Kazı Başkanı Doç. Dr. Ergül Kodaş, "Bu yıl ilk etapta bizim doğu alanı dediğimiz ve çok sayıda stel bulduğumuz alanda kazılara başladık. Bu bağlamda da söz konusu alanda yeni bir stel bulunan binaya ulaştık. Bunun bir bölümünü henüz kazabildik. Bu bina Boncuklu Tarla'nın tamamında Çanak Çömleksiz Neolitik Dönem'in erken evrelerine giden tabakaların net bir biçimde anlamlandırılmasını sağladı. Bina sadece bir sefer kullanılmamış, en az 4 sefer yenilenerek kullanılmış ve her yenilemede de tabanı doldurularak kullanıma devam edilmiş. Bu da bu binanın uzun süre kullanıldığını ve daha önce Boncuklu Tarla'da tespit ettiğimiz gibi bir defa kullanılıp tamamen gömülmediğini, bu binada farklı bir uygulamanın olduğunu göstermesi açısından önemli." dedi. 

Binanın ikinci getirisinin ise yaklaşık 2 metre 20 santimetre boyundaki stele ulaşılması olduğunu dile getiren Kodaş, "İlk defa bu boydaki büyük bir stel hem Boncuklu Tarla'da hem de Yukarı Dicle Vadisi'nde bulundu." ifadesini kullandı.

Kodaş, ayrıca bina içerisinde bulunan maket formunda yapılan minyatür stelin, Şanlıurfa bölgesinde bulunan "T" biçimli stellere benzediğini belirterek, bunun iki bölge arasındaki ilişkiyi göstermesi açısından da önem taşıdığını vurguladı.

Dört dönem kullanılan binanın her döneminin Çanak Çömleksiz Neolitik Dönem'in erken evrelerine ait olduğuna işaret eden Kodaş, "Boncuklu Tarla'da daha önce bulduğumuz benzer binaların bir defa kullanılıp tamamının doldurulmuş olduğunu görüyorduk.

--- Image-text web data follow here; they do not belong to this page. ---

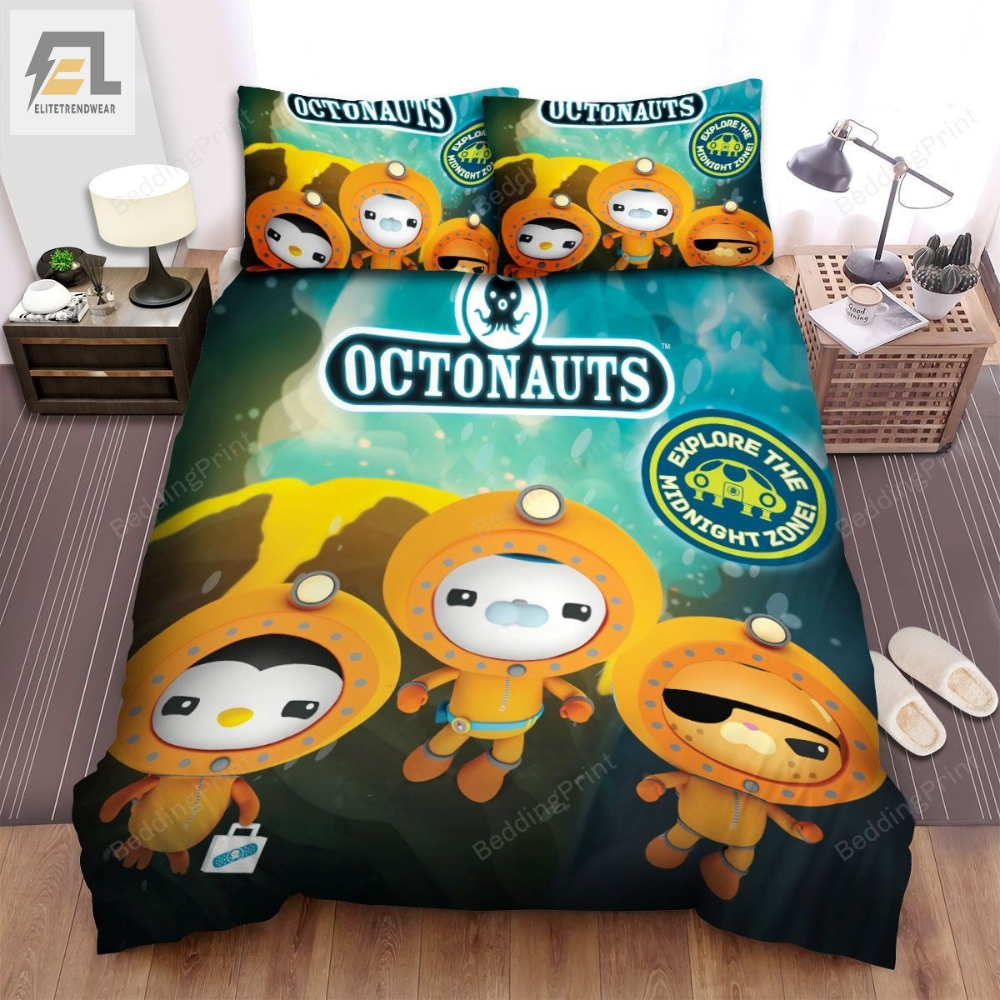 The Octonauts Explore The Midnight Zone Bed Sheets Spread Duvet Cover Bedding Sets 
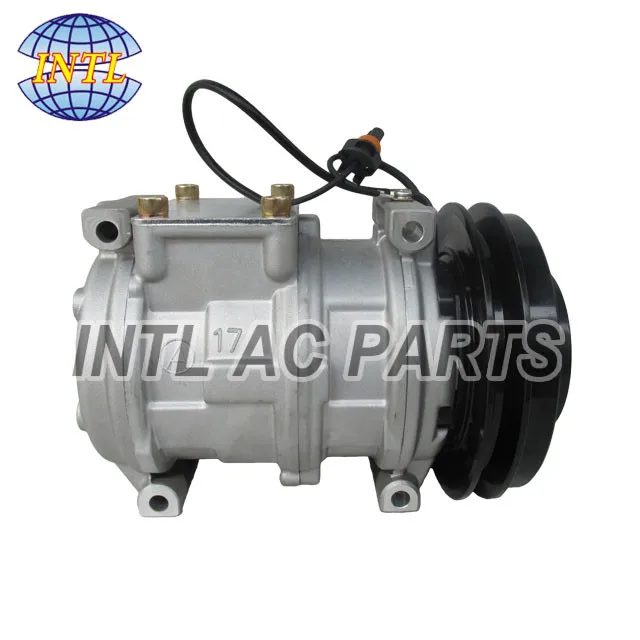 NEW Auto ac a/c compressor 10PA17C for John Deere Tractors Combines 5833 42511-09682-0 447100-2499 471-0442 RE46657 TY6765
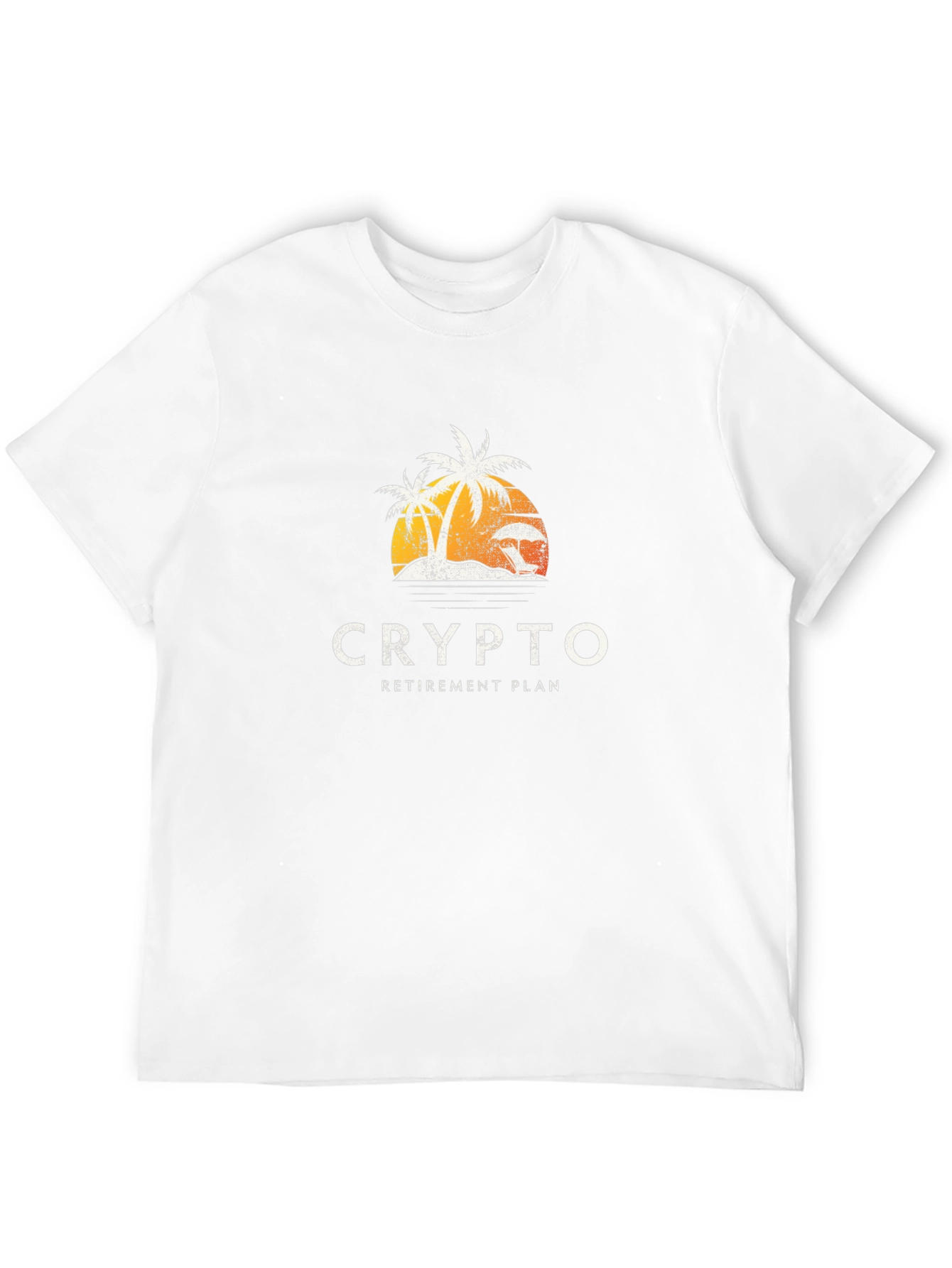Black Crypto Retirement Plan T-Shirt view 12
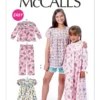 McCall's Sewing Pattern Children's/Girls' Tops, Gowns, Short and Pants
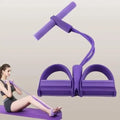 Pedal Exerciser & Resistance Band Set for Home Fitness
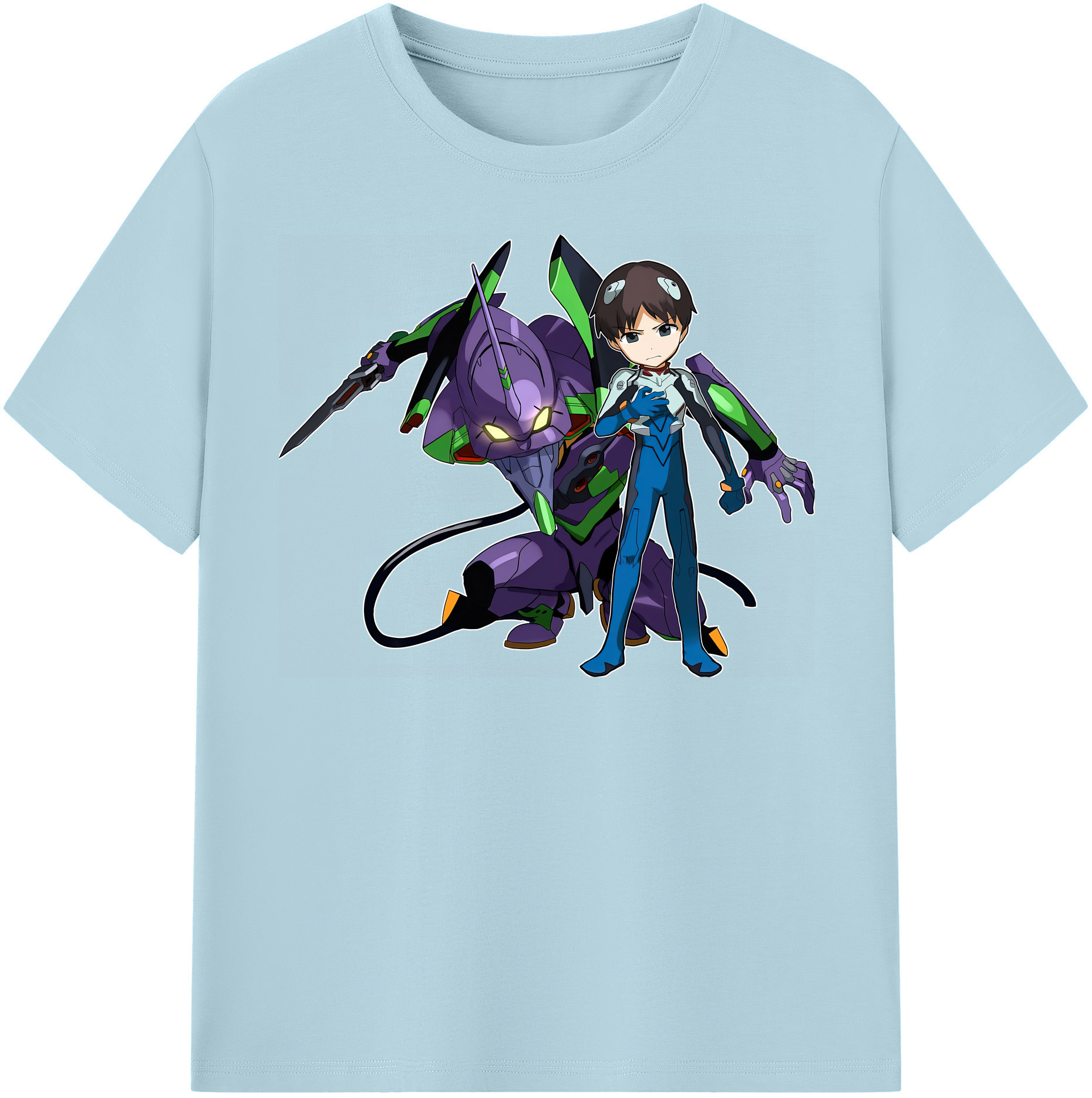 （画像用） EVA 新世紀エヴァンゲリオン 綿100％半袖Tシャツ（フロントプリント）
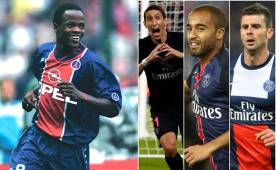 Julio Dely Valdés marcó una época goleadora en el PSG de Francia.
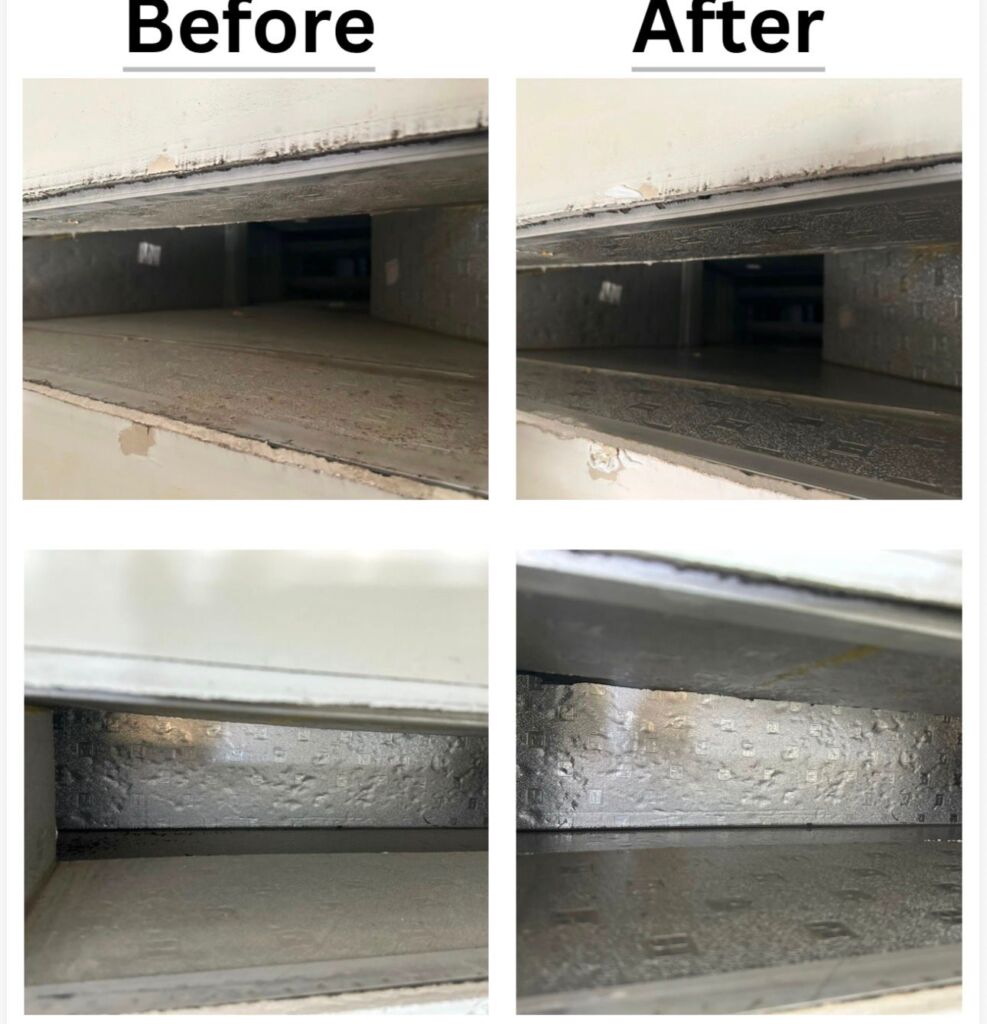 Dust keeps returning after cleaning due to a dirty AC filter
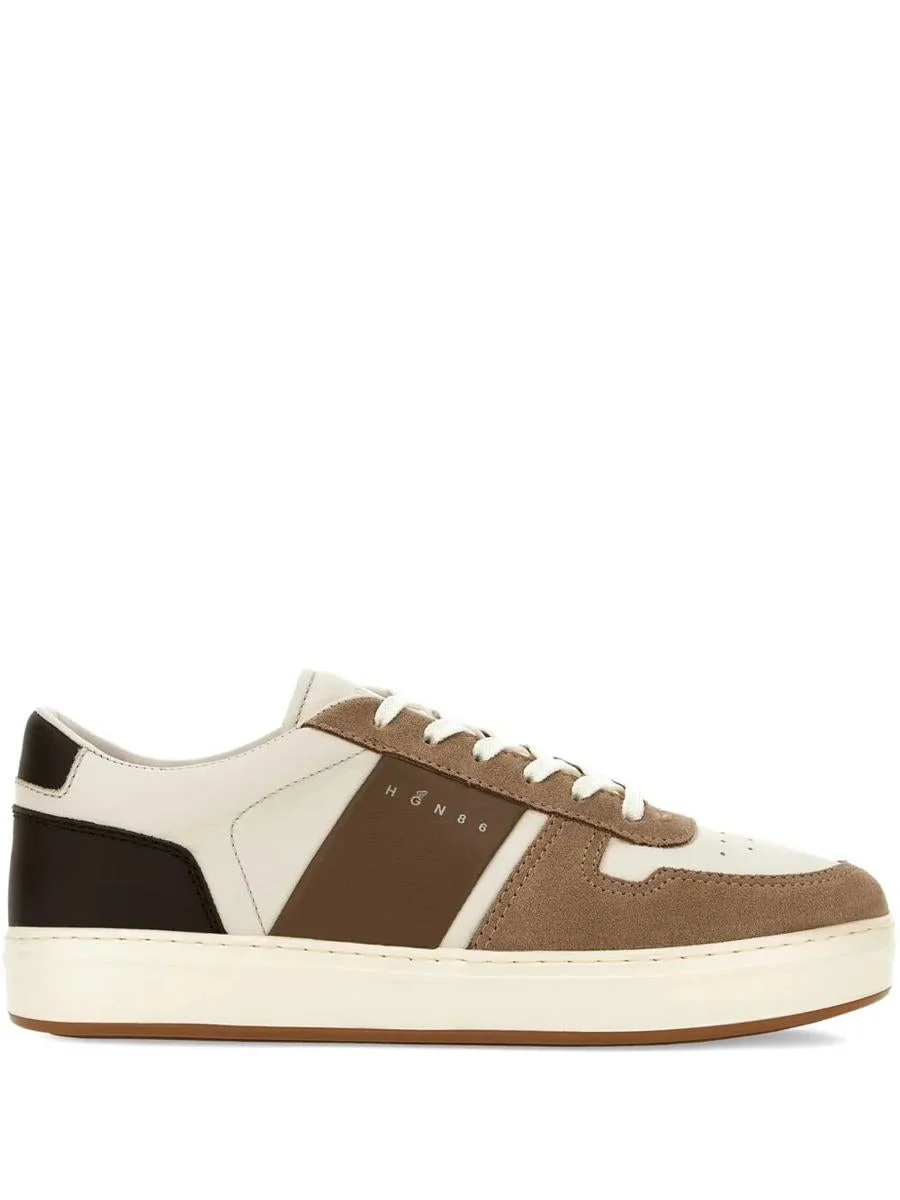 Hogan H-Tv Suede And Nappa Leather Sneakers Shoes - 1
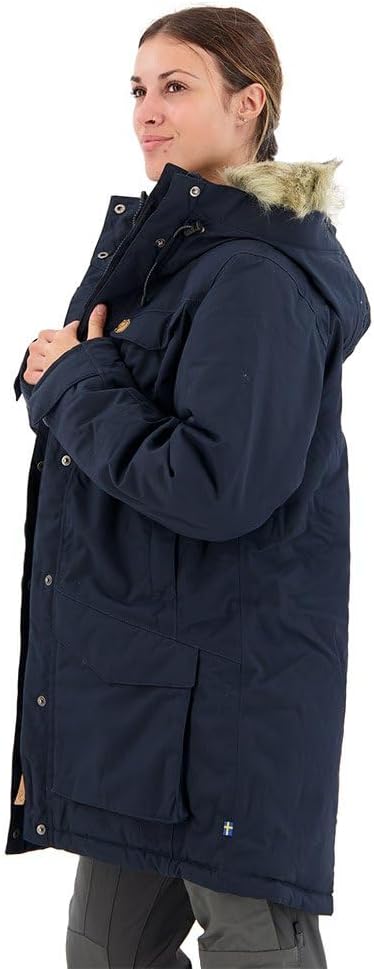 FJALLRAVEN Damen Nuuk Parka W XS Dunkelblau, XS Dunkelblau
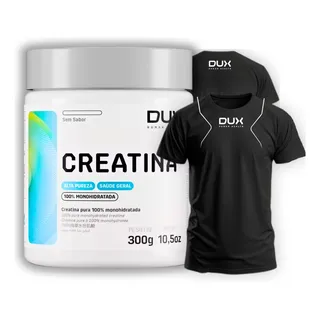 Creatina Pure 300g - Dux Nutrition + Camiseta Esportiva Creatina Pure 300g - Dux Nutrition + Camiseta Esportiva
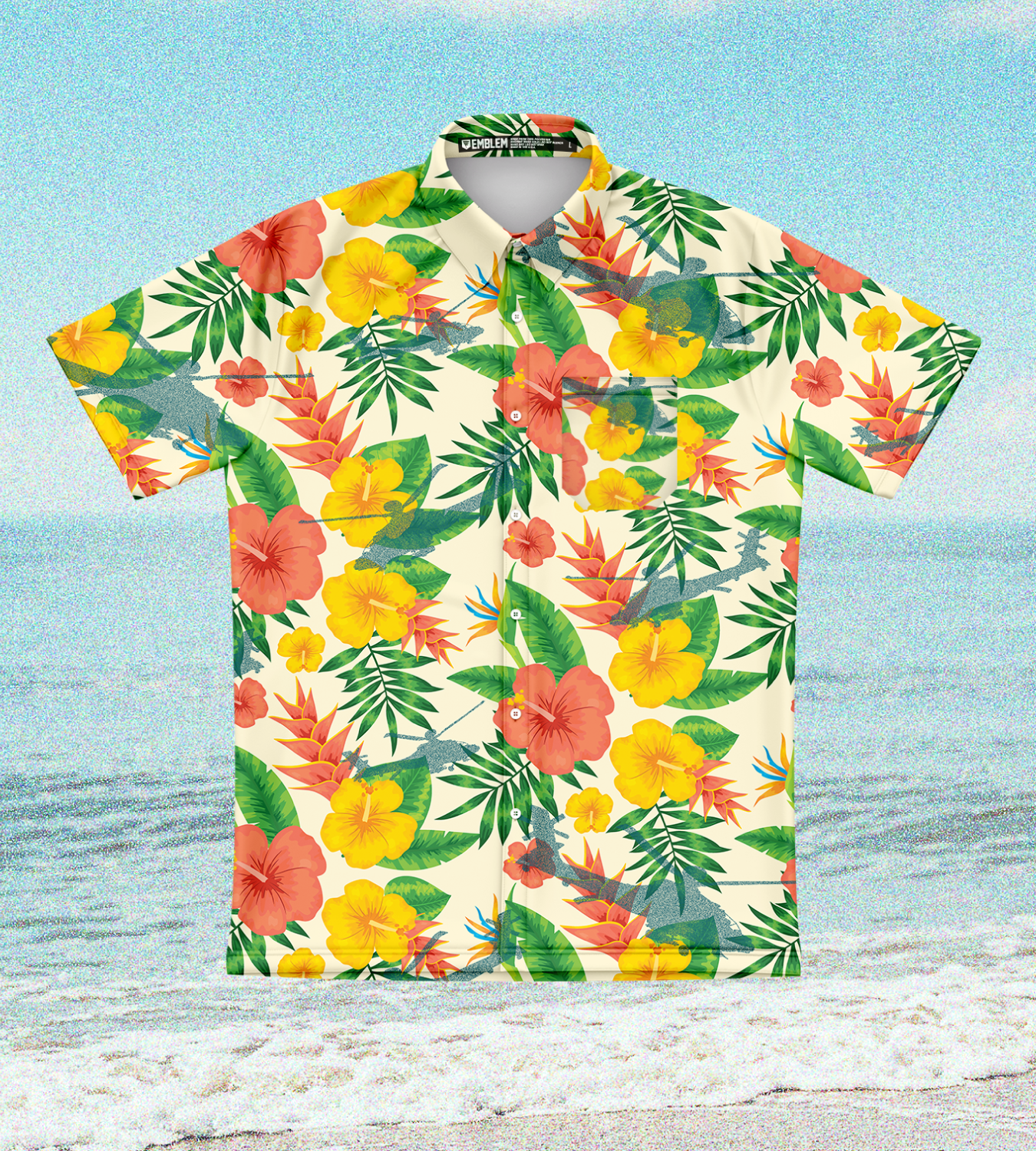 Emblem Party Series Core Men's SS Performance Party Shirt - Apache Paradise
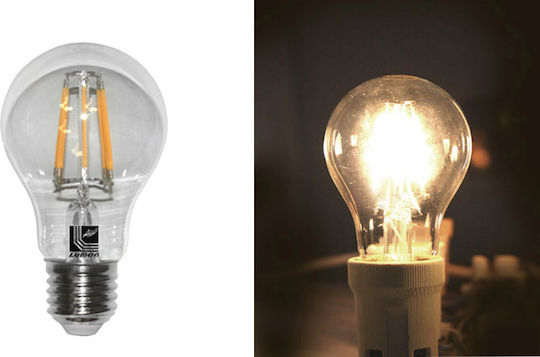 Adeleq Bec LED 8W 104mm pentru Soclu E27 și Formă A60 Alb natural 950lm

Fakat bu defa binanın uzun süre kullanılmış olması bizim için bilimsel anlamda yeni verilerin de elde edilmesini sağladı." diye konuştu.

"Kamusal alan" olarak adlandırılan yerde şok sayıda boğa boynuzu bulundu

Kodaş, Boncuklu Tarla'da kamu binası olarak kullanılan 9 binaya ulaştıklarını, bunların tamamında ya "stel" ya da "paye" denilen stellere benzer mimari unsurların bulunduğunu dile getirerek, bunların konut olduklarına dair herhangi bir veri ya da buluntuya ulaşmadıklarını belirtti.

Kalıntılarına ulaştıkları binanın da konut olmadığını, kamu binası olarak kullanıldığını belirlediklerini ifade eden Kodaş, şunları kaydetti: "İçerisinde minyatür steller, küçük objeler bulduk, sembolik değer taşıyabilecek. Çok sayıda boğa boynuzu bulduk. Boğa başı parçaları bulduk. Bu da bu binanın diğerleri gibi özel bir bina olduğunu, kamu binası olduğunu gösteriyor. Ancak bu, diğerlerinden farklı çünkü stelin boyutu farklı. İçinde bulduğumuz buluntular farklı ve bir defa değil en az 4 defa yenilenerek kullanılmasından dolayı farklı. Milattan Önce 10 bin yıla tarihlendiğini düşünüyoruz, henüz karbon analizi olmamakla birlikte. Çünkü bina içerisinde ele geçirdiğimiz küçük buluntular ve özellikle yontma taş buluntuları, Boncuklu Tarla'da daha önce bu tabakalarda bulduğumuz objelerle çok benzer, onlarla çağdaş. Aynı süreçte kullanılmış ama uzun süre kullanılmış diğerlerinden farklı olarak. Yaklaşık 12 bin yıllık bir bina olduğunu düşünüyoruz."

Prof. Dr. Kodaş, Geleceğe Miras Projesi kapsamında Boncuklu Tarla'daki kazılar için Valilik ve bazı kurumlardan da önemli destekler sağlandığını hatırlatarak, bu kapsamda alanda planladıkları kazıları da sürdürerek yeni tarihi değerleri gün yüzüne çıkartmak istediklerini sözlerine ekledi.